Bloomberg News

Wheat, Copper Declines; Gold Extends Gains: Commodities at Close

January 09, 2013

The Standard & Poor’s GSCI gauge of 24 commodities fell 0.1 percent to 649.65 at 5:40 p.m. Singapore time. The UBS Bloomberg CMCI index of 26 raw materials declined 0.1 percent to 1,572.737.

CRUDE OIL

Oil fluctuated in New York after an industry report showed rising stockpiles in the U.S., the world’s biggest crude- consuming nation.

Crude for February delivery was at $92.96 a barrel, down 19 cents, in electronic trading on the New York Mercantile Exchange at 4:01 p.m. Singapore time. The contract settled at $93.19 on Jan. 7, the highest since Sept. 18. Prices dropped 7.1 percent last year for the first decline in four years.

OIL PRODUCTS

Asia’s gasoil crack spread extends gains, signaling rising profit for refiners making diesel. Fuel oil’s discount to crude shrinks.

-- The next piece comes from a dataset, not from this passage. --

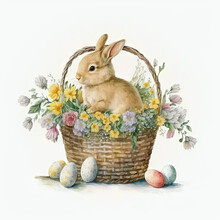 Happy Easter Cute Bunny In Basket With Spring Flowers And Easter Eggs, Watercolor Generative AI Illustration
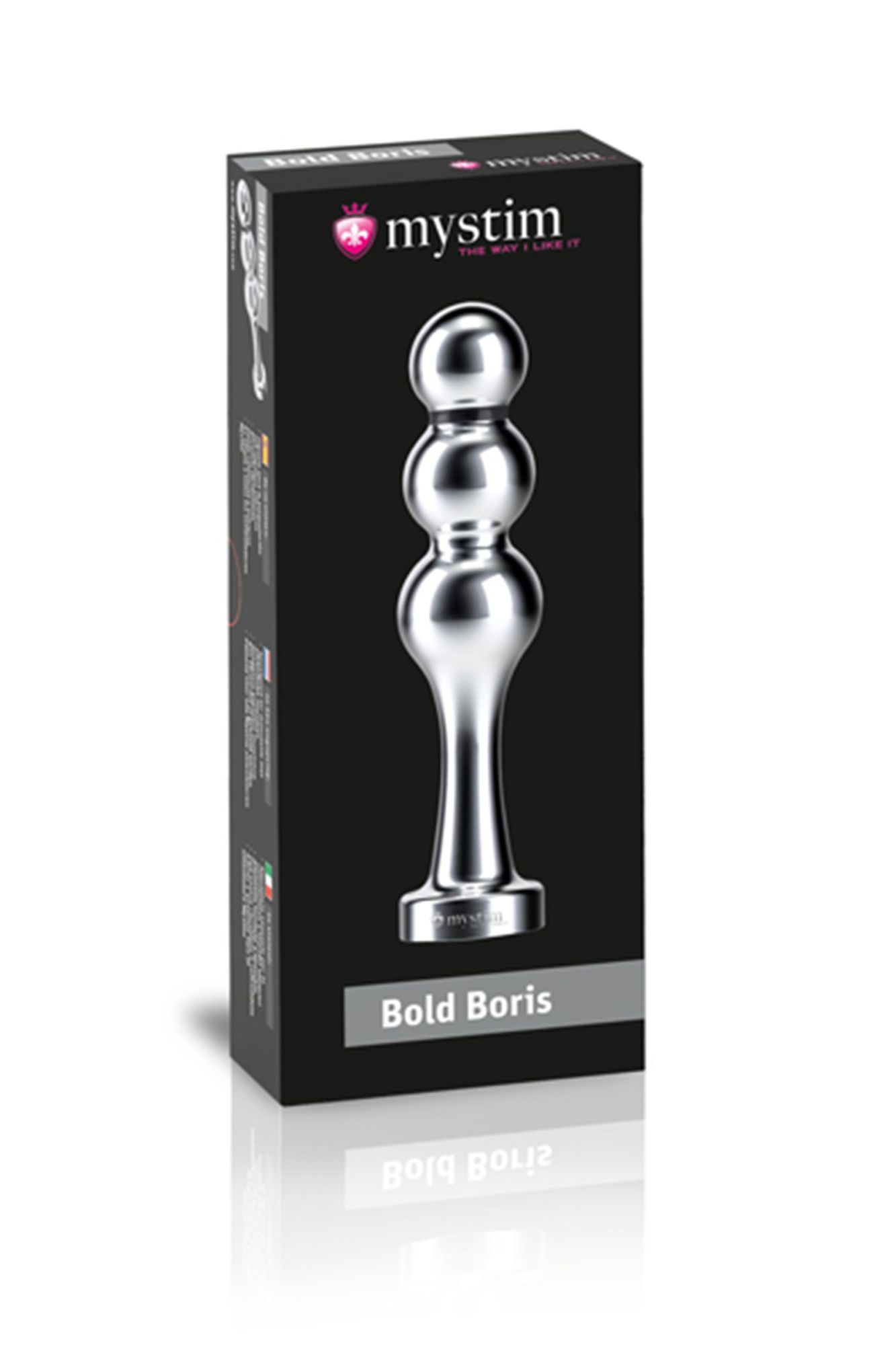 фаллоимитатор mystim bold boris, электростимуляция, хирургическая сталь, серебряный, 14 см в Москве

• Middle Distillates • Gasoil’s premium to Dubai crude up 12 cents at $19.84/bbl at 10:38 a.m. Singapore time, according to PVM Oil Associates Ltd. • Crack spread widest since Dec. 24 • February gasoil swaps up 65 cents, or 0.5%, at $126.85/bbl • Jet fuel regrade unchanged for a second day at premium of 15 cents/bbl

• Fuel Oil • High-sulfur fuel oil’s discount to Dubai crude narrows 18 cents to $5.75/bbl at 10:38 a.m. Singapore time, according to PVM • Crack spread gains for fifth time in six days • February HSFO swaps up $4.50, or 0.7%, at $643/ton • Viscosity spread down 25 cents at $9.25/ton

• Light Distillates • Naphtha’s premium to London Brent crude up $5.28 at $98.42/ton at 10:57 a.m. Singapore time, according to data compiled by Bloomberg • Crack spread widens for third day • February naphtha swaps up $4.75, or 0.5%, at $941.25/ton, PVM said • Gasoline reforming margin yesterday fell 43 cents to close at $15.33/bbl, lowest since Dec. 27, data compiled by Bloomberg show

BASE METALS

Copper declined as inventories at London Metal Exchange warehouses climbed to the highest level in 11 months, prompting concerns over the demand.

PRECIOUS METALS

Gold extended gains after climbing the most in a week yesterday amid signs of increased demand in China before the Lunar New Year.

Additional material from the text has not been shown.